On the "should be" line, let's just reflect for a minute that America, after 8 years of a ranch farmhand, is about to elect a black technocrat with a Muslim name as POTUS. There's no "should be" for that scenario. It's utterly amazing.



"On the "should be" line, let's just reflect for a minute that America, after 8 years of a ranch farmhand, is about to elect a black technocrat with a Muslim name as POTUS. There's no "should be" for that scenario. It's utterly amazing."

I'm a little more cynical than that. I think once you realize the president is just some idiot that we use for a single-point-of-decision-making and scape goat for stuff, and that just about any idiot can and has done it, the particulars of the idiot in question are not that interesting.

But my opinion is post-partisan. I can completely understand folks getting excited about their guy and angry about the other guy -- that's the way the system is supposed to work.

It's not a popular thing to say, but I imagine we're going to see a lot of reverse-racism in this election: folks voting for the black guy because it makes them feel good. Sort of to help settle the civil rights score. I don't say that in any way to disparage Obama, simply to profile the voters. It will be interesting, if he wins, to see how he does once he has been president for four years and is no longer unique or can run as an outsider.

(cringes for upcoming downmods)


the president is just some idiot that we use for a single-point-of-decision-making and scape goat

Call me naive, but I like to think that this is the degenerate state of the office in question. It can be so much more, and not in the "opaque unitary executive" sense for which it has been abused lately.


Look at it this way -- the founders set the system up assuming everybody would try to game it. The system is built on the fact that the president will overreach, the congress will be fractious, etc. It is built assuming checks and balances are needed, not that only great people will serve.

Perhaps putting it that way is a little better for you? In my mind, the president is first and foremost an average citizen who is called upon to do some work for the country for a few years. I think if we forget the "average" part of that equation, we start expecting more and more of the office and crossing the line into hero worship. If the president becomes a hero or in any way messianic, we've lost the true meaning of the office. The point is that we're all qualified. It's a democracy.

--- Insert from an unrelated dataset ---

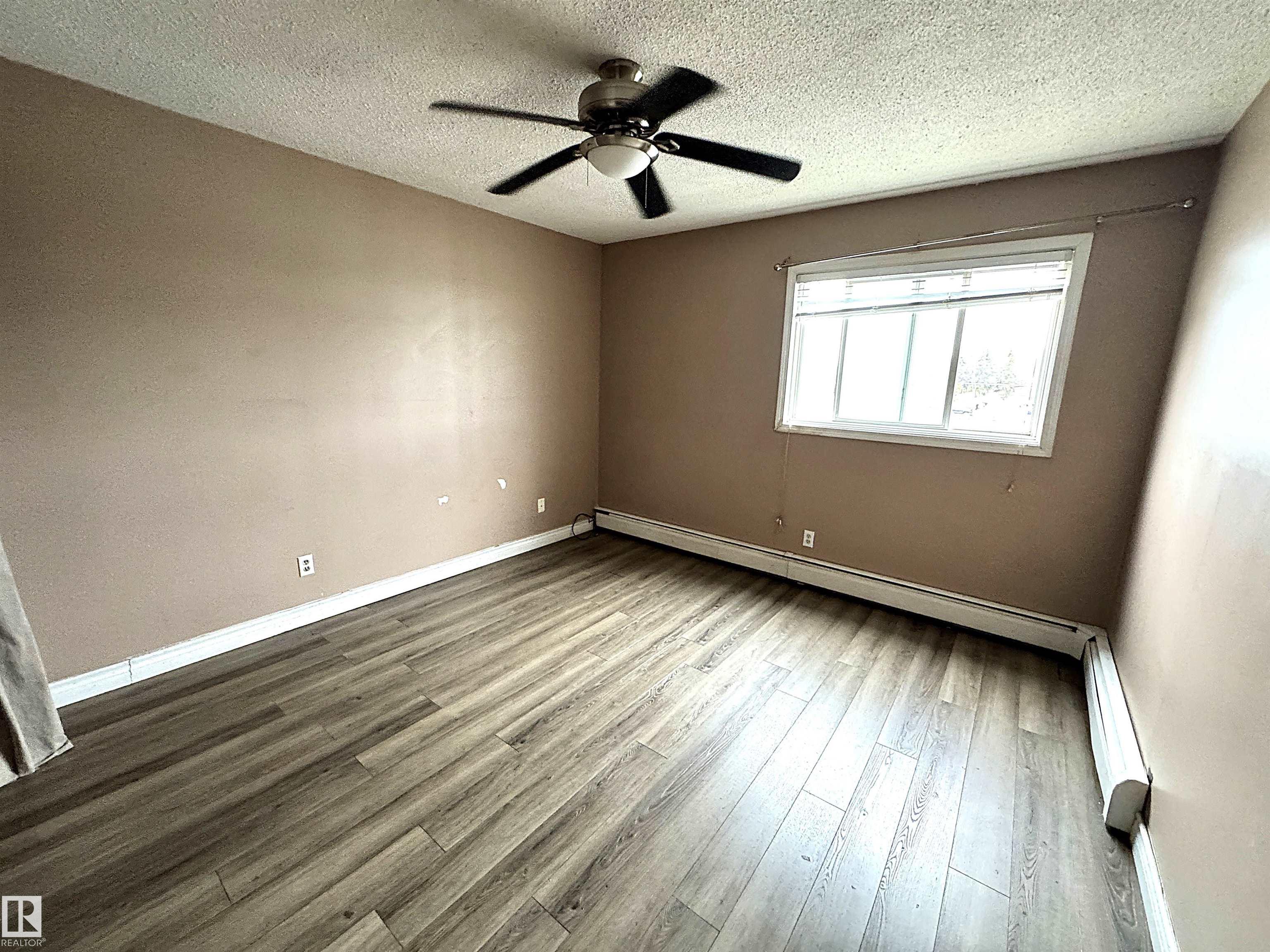 Photo 10 at 301 - 10035 164 Street NW, Glenwood, Edmonton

Can we have presidents that we think did great jobs? Sure. But that immediately gets into opinion, which is politics by any other name. My great president is the night watchman, making sure the nation is safe but staying aloof. Perhaps yours is the architect, designing our society of tomorrow, etc. (Substitute various opinions of "good" and "bad" here) I'm not going to accept your position, nor your mine. So we vote on those poor schmucks that are big-headed enough to think they can do the job better than the rest of us.

If you think about it, it's a great system. It allows lots of conflict without violence, it allows one person to stand for all the ills of the nation, it promotes competitiveness among the parties to solve problems. It even gives those who require it heroes to worship.

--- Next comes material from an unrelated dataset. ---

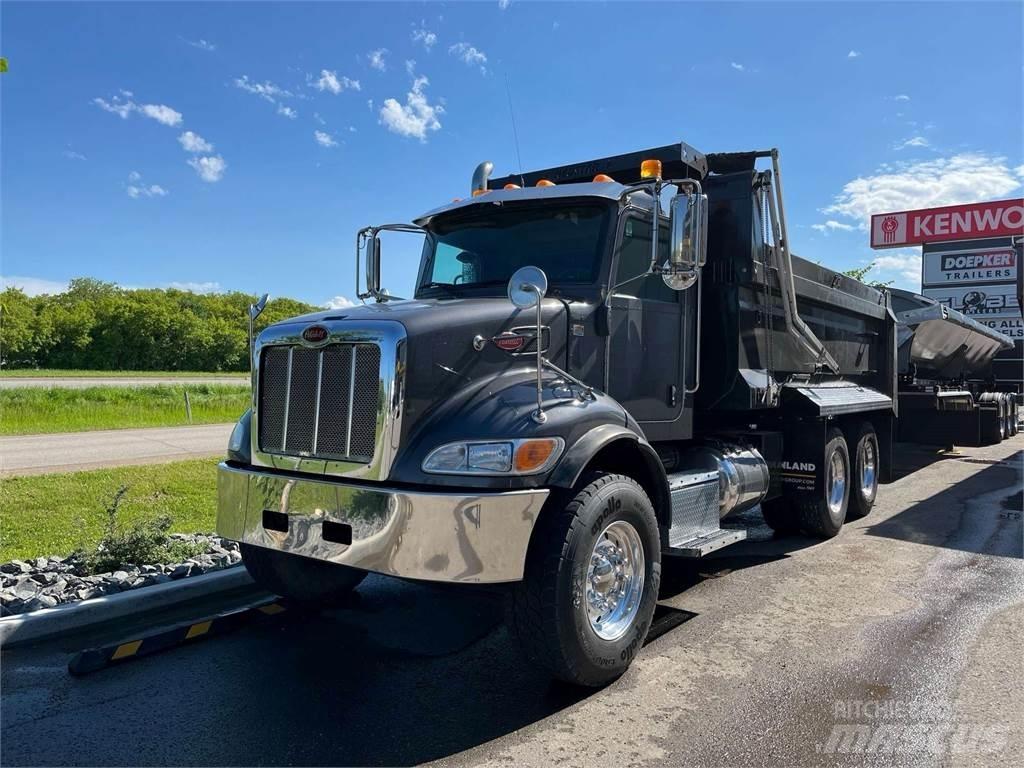Peterbilt 348 Φορτηγά Ανατροπή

Having to accumulate over 80-100 million votes waters down the candidates and their policies. But the closest alternative would be a prime minister and right now that slot would get filled by Pelosi or Reid. That's far worse, especially since before that would have been DeLay or Hastert.

The masses seem to do a pretty decent job in that light.


Despite Obama's clear understanding of technology, I'm not sure a lawyer/career politician can qualify as a technocrat. Hu Jintao is a technocrat. Barack Obama just has good technology policy. But yeah, it's pretty amazing. It might be enough to restore the rest of the world's faith in America.


Labels aside, he had the good sense to hire a Facebook co-founder to run his on-line operation:

http://www.nytimes.com/2008/07/07/technology/07hughes.html?_...

I know I wouldn't be surprised to see Hughes running the "Google for Government" initiative. That proposal is a huge step forward in transparency and accountability that any technocrat could love. The proposed technology czar is also really cool. How about Woz as a cabinet member?


:) I'm hoping for Lawrence Lessig myself.